A second, separate orthogonal secondary assay or counter-screen on a single gene in an in vivo system.
Independent validation assays in vivo (secondary assay or counter-screen) by the same or a different Network Center, or from the literature.
For biomarkers only, extension or corroboration of validation experiments in large independent human cancer sample cohorts with appropriate clinical data.
In Tier 3, the functional hypothesis is effectively tested and, as needed, either modified or removed based on orthogonal experimental evidence. It is expected that assays are performed in carefully controlled experiments in vivo (e.g., on a molecule-by-molecule basis in relevant models such as xenografts, genetically engineered mouse models, syngeneic tumor models, organoids, patient-derived xenografts, or other biological systems), at least in quadruplicate, that allow definitive conclusions. Cell-surface epitopes can be targeted either by a small molecule, an antibody, an antibody-derivative protein, or a T-cell receptor. The following types of evidence are offered at this Tier.

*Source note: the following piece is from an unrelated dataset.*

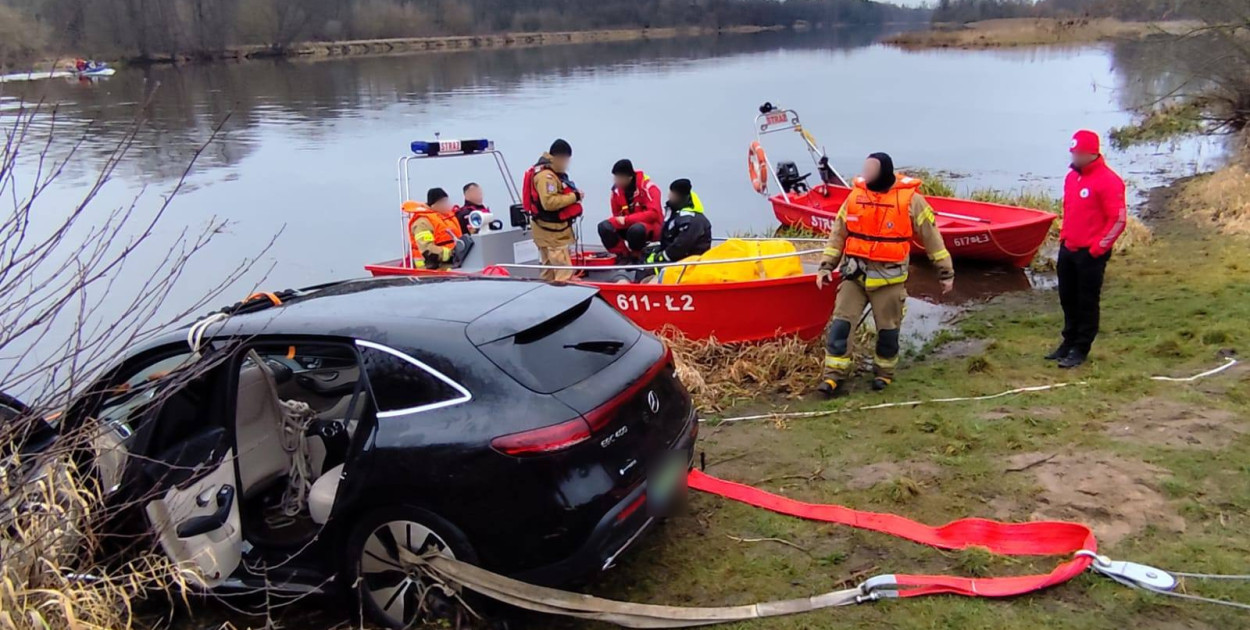 Zdjęcie: pułtuskie WOPR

The data presented include orthogonal assays that further support the profile of selected compounds as being consistent with the therapeutic hypothesis. The difference from Tier 2 is 2-fold: (1) At Tier 3, the experiments are carried out in vivo, and (2) proof of mode-of-action is necessary (e.g., mitotic arrest using an image-based assay or identify the gene or molecular alteration that leads to the cancer dependency of the small-molecule activity).
Genetic perturbation assays.
Relationships that are observed by multiple groups, or a more detailed characterization of gene (cancer dependency) candidates, are required, using in vivo model systems for validation. Lower-throughput experiments that further support the specificity of the loss of gene function (or gain) and the importance of that loss (or gain) to the proposed hypothesis are needed.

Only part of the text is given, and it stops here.